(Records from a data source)
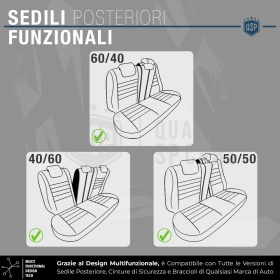 FUNDAS DE ASIENTO para Ssangyong Rexton en CUERO PU, Tejido, Costuras ROJAS | COMPLETO Delantero + Trasero | Certificados TÜV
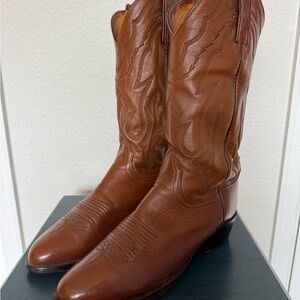 Lucchese 2000 T3097R4 Mens Soft Leather Brown 7.5 2E Western Cowboy Boots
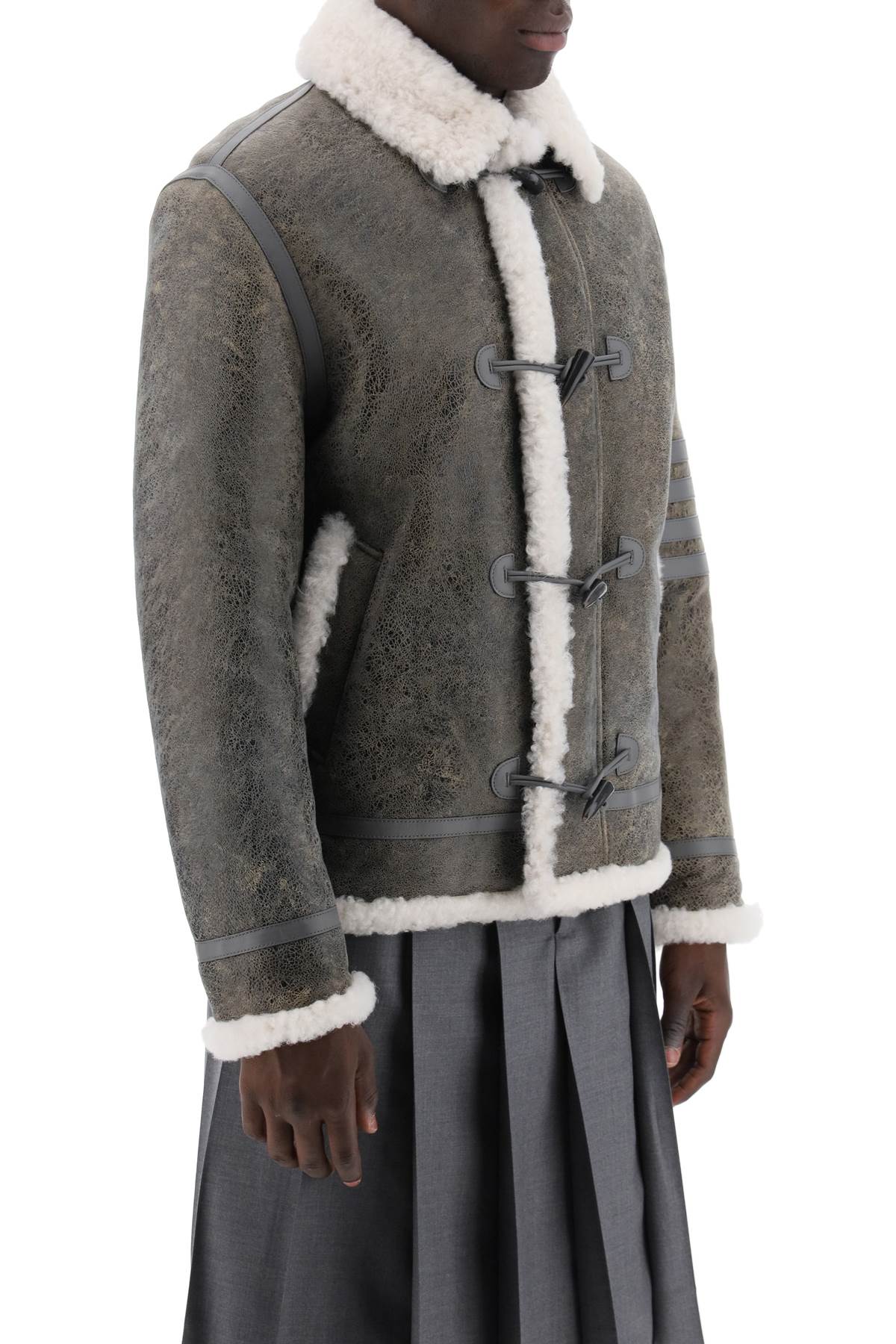 Thom Browne Shearling Cropped Montgomery Jacket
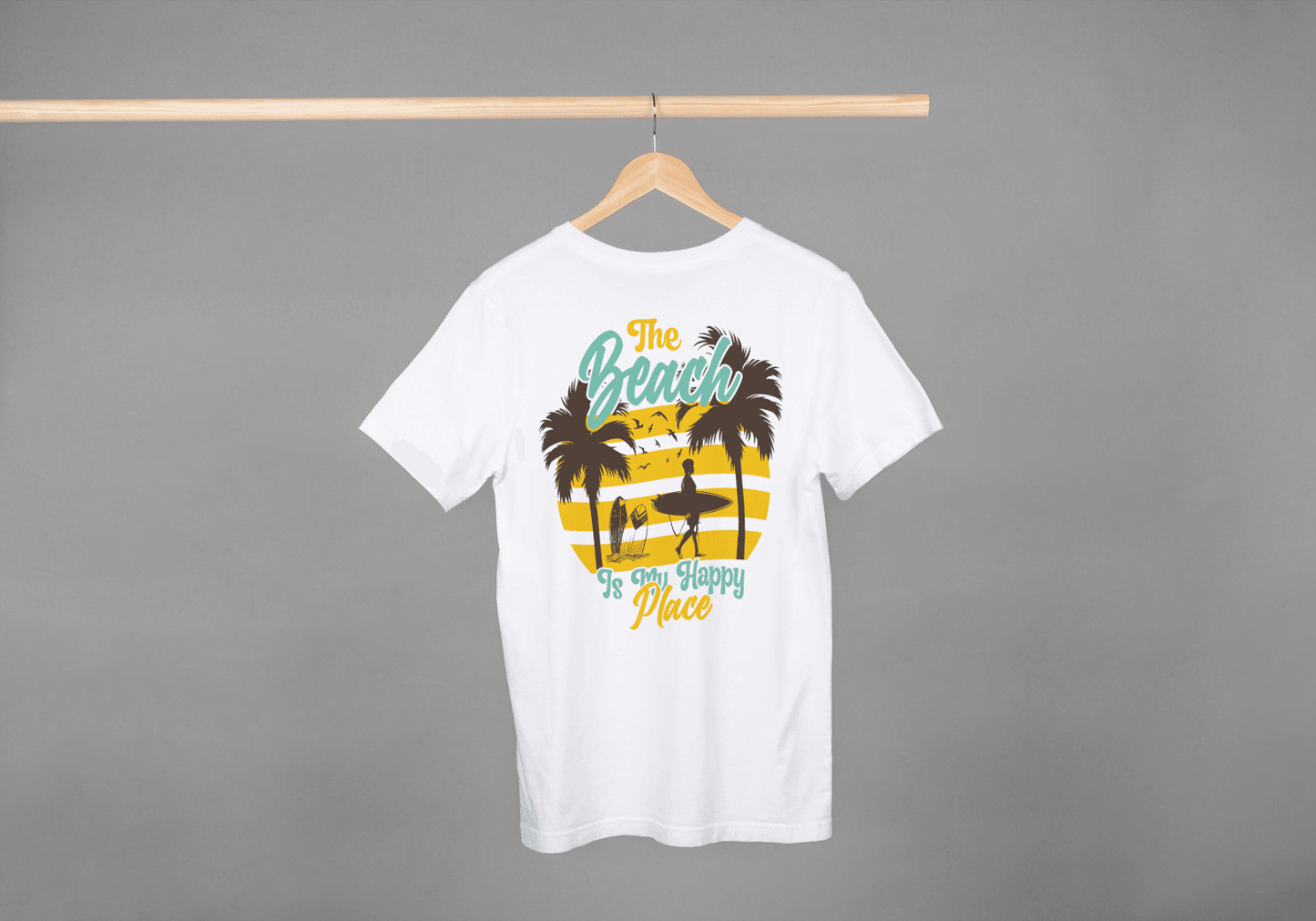 Beach Is My Happy Place Surfer: Summer Vibes Tee - Essentia Attire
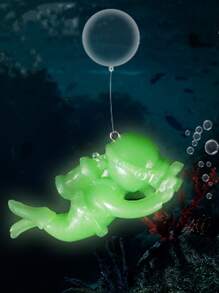1pc Random Color Night Glowing Diver Shaped Floating Ball For Aquarium Decoration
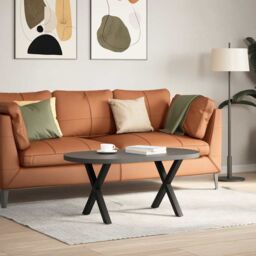 Berkfield Home Coffee Table Legs X-Shaped 2 pcs Black 38x(42-43) cm Steel - thumbnail 2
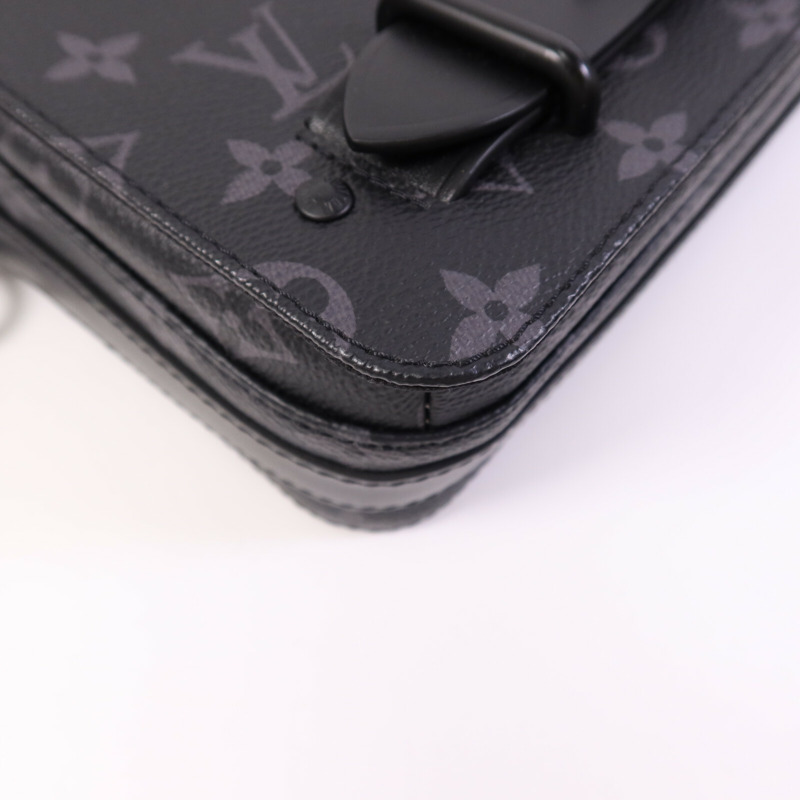 LOUIS VUITTON Monogram Eclipse Steamer Messenger肩背袋-10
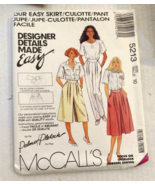 Vintage McCall’s 5213 Skirt Culotte Pants Size 8-22 Sewing Pattern - £3.90 GBP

What is being asked – Only one thing is required here: an exact copy of the lines from the one bearing "Berkfield Home Coffee" through the final line above, both included, with pictures left out.

Expected output –
 Berkfield Home Coffee Table Legs X-Shaped 2 pcs Black 38x(42-43) cm Steel - thumbnail 2
 LOUIS VUITTON Monogram Eclipse Steamer Messenger肩背袋-10
 Vintage McCall’s 5213 Skirt Culotte Pants Size 8-22 Sewing Pattern - £3.90 GBP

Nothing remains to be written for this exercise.